§ WORK TASK: Select the lines below containing the word "couch".

§ AVAILABLE RECORDS:
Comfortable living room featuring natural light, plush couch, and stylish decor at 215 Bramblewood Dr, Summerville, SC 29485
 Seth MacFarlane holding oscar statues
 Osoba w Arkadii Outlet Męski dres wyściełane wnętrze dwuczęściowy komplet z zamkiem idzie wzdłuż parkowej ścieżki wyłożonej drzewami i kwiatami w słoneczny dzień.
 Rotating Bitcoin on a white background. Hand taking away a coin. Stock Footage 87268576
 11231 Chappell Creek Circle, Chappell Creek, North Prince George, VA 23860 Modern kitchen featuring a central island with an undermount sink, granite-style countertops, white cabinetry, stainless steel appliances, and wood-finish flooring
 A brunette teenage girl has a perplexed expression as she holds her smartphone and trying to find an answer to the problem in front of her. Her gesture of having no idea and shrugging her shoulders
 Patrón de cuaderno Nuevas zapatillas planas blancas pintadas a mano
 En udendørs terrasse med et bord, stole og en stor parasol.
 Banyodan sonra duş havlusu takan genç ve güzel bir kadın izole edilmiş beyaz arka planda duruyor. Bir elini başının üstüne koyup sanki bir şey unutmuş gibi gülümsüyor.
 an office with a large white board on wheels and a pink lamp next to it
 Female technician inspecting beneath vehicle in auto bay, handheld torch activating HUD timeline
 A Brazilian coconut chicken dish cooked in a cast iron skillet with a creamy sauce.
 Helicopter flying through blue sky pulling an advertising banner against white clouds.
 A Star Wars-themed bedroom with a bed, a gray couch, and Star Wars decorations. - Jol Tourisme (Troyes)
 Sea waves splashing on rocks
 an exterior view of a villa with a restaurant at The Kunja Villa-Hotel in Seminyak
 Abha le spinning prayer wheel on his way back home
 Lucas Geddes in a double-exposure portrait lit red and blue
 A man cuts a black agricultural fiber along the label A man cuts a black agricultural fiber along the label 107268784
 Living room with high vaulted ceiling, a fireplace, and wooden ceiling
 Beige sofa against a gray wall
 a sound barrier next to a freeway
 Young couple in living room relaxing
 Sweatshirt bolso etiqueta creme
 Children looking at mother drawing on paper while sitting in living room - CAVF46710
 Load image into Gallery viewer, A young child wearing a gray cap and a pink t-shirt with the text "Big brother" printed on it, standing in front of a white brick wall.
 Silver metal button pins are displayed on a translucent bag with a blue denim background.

§ THE ANSWER:
Comfortable living room featuring natural light, plush couch, and stylish decor at 215 Bramblewood Dr, Summerville, SC 29485
 A Star Wars-themed bedroom with a bed, a gray couch, and Star Wars decorations. - Jol Tourisme (Troyes)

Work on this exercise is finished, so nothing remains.